You can't drink for them, and you shouldn't; it's their wine. You can't eyedropper out a sample and run it through spectral analyzers, figuring the content -- that's not what it's for. It's not for product or for profit or for parceling out into watered-down sippy cups for others who weren't there, so they can give you status for holding that edge, hurrah for you. The cup belongs to the person who has poured out the story. You are privileged to even be there, to even be allowed to hold a living portion of their life between your hands. It is a sacred trust.
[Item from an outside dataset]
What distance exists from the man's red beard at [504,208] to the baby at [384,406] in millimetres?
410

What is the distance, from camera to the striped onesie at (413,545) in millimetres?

It's not "data." It's not "for research." Sometimes it can be -- I'm a narrative researcher, and this great love of stories is probably why -- but I am very careful to put on that role with great deliberation, and I usually don't walk around the world that way. On the rare times I do put on that hat, it's something the narrator and I have discussed, and we know it's a cup of stories are going to be shared, and oftentimes because of that they do not run nearly as deep, or taste nearly as rich. A $7 bottle of convenience store zinfandel. And I am bothered by -- furious at -- researchers and counselors and listeners who do not know how to hold cups, who do not respect that wine, who call a tiny cup a huge bowl because they have never seen one bigger -- they can't steady their hands, the liquid can't reach the rim, they slosh -- who try to drink from wine that isn't theirs.

It's one of the best things I know, watching people pour our their stories in that hushed and sacred space. Watching them drink. And they drink, and... it's done. That was the cup. A story was poured out, and then it was poured in, and there: the world goes on.